Solution Analysis: Step by Step #

  1. Importing the heapq module:

    import heapq
    

    The heapq module is a part of Python’s standard library and provides an implementation of the heap queue algorithm, also known as the priority queue algorithm. Heaps are binary trees for which every parent node has a value less than or equal to any of its children. This implementation uses a min-heap.

  2. Function Definition:

    def kth_largest_in_sorted_arrays(arrays, k):
    

    This defines a function named kth_largest_in_sorted_arrays that takes two parameters: arrays, a list of sorted arrays, and k, the index of the largest element we want to find.

  3. Creating a Min Heap:

    min_heap = []
    

    A min heap is initialized as an empty list. This heap will store tuples, where each tuple contains an element from the arrays, the index of the array it came from, and the index of the element in its array.

  4. Initializing the Heap:

    for i, array in enumerate(arrays):
        if array:
            heapq.heappush(min_heap, (array[-1], i, len(array) - 1))
    

    The heap is initialized with the last element (which is the largest due to sorting) of each array. The heapq.heappush function adds an element to the heap while maintaining the heap property. Each element pushed onto the heap is a tuple containing the value of the element, the index of the array it belongs to (i), and its index in its own array.

  5. Finding the Kth Largest Element:

    while k > 0 and min_heap:
        val, arr_idx, ele_idx = heapq.heappop(min_heap)
        k -= 1
        if ele_idx > 0:
            heapq.heappush(min_heap, (arrays[arr_idx][ele_idx - 1], arr_idx, ele_idx - 1))
    

    The algorithm repeatedly removes the smallest element from the heap (heapq.heappop) until it has done so k times. For each popped element, it checks if there are more elements in the source array (using ele_idx > 0). If so, it pushes the next largest element from that array onto the heap. This way, the heap always contains at most one element from each array, and these are the largest remaining elements.

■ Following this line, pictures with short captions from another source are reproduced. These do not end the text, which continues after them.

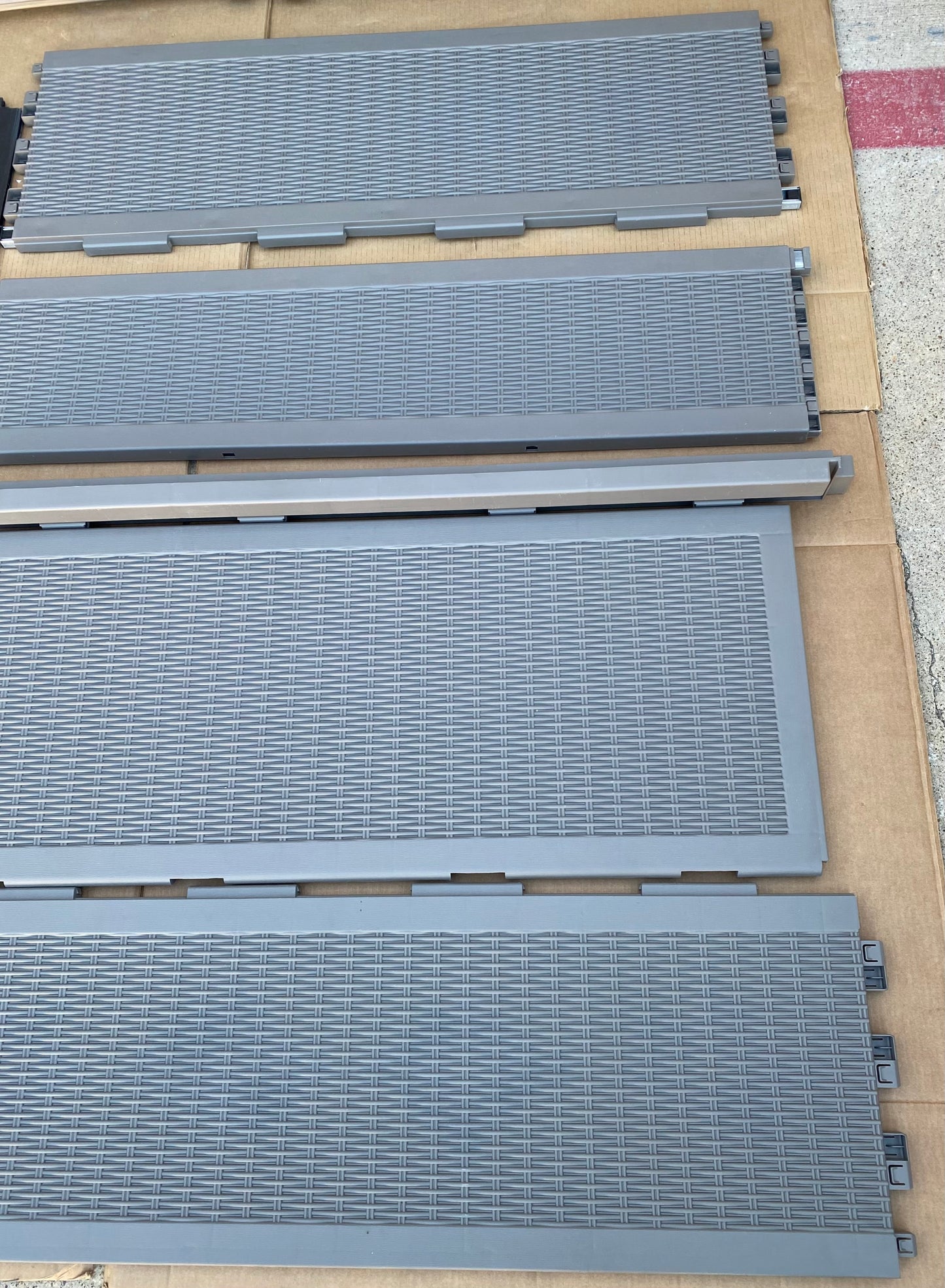 New Other Yitahome 70 Gallon 51" Storage Bench/Deck Box, Light Brown - (READ)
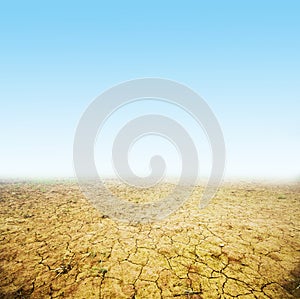 Cracked ground background photo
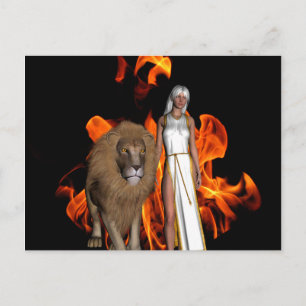 Feuerwanderung Postkarte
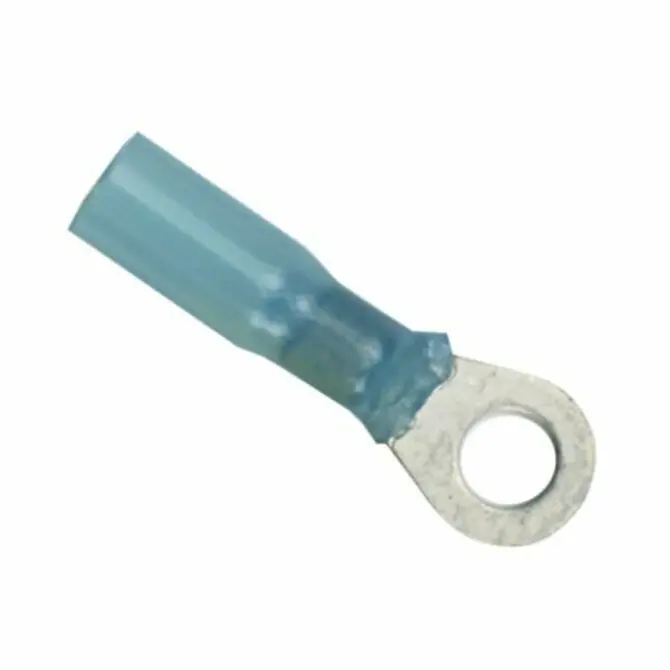 Ancor - 16-14 Gauge - 3/8" Heat Shrink Ring Terminal - 25-Pack 1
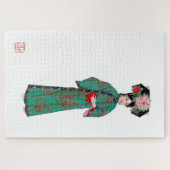 Lady in modern Manchu costume ジグソーパズル (横)
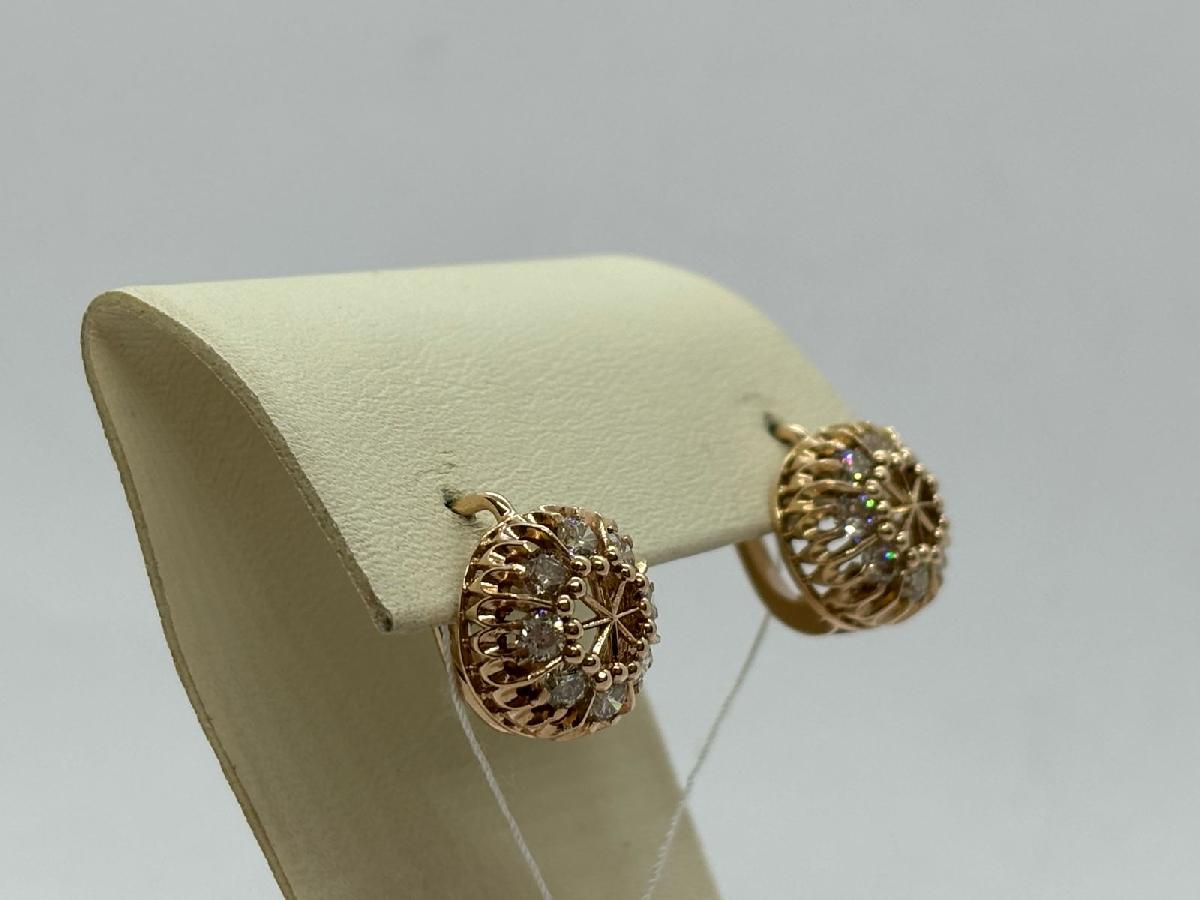 СЕРЬГИ БРИЛЛИАНТ (Au 585)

  6. Returning the Result:

    return val if k == 0 else None
    

    After k iterations, the variable val holds the Kth largest element. If k is 0, the function returns val. If k is not zero (which could happen if k is larger than the total number of elements in all arrays), the function returns None, indicating that the Kth largest element does not exist.

  7. Example Usage:

    arrays = [[1, 4, 7], [2, 5, 8], [3, 6, 9]]
    k = 5
    print(kth_largest_in_sorted_arrays(arrays, k))
    

    This is an example to demonstrate the usage of the function. It defines a list of sorted arrays and a value for k, then calls the function and prints the result.

The key idea behind this approach is to use a min heap to efficiently find the Kth largest element across multiple sorted arrays. By always maintaining the largest elements in the heap, the algorithm ensures that the Kth element popped from the heap is the Kth largest overall.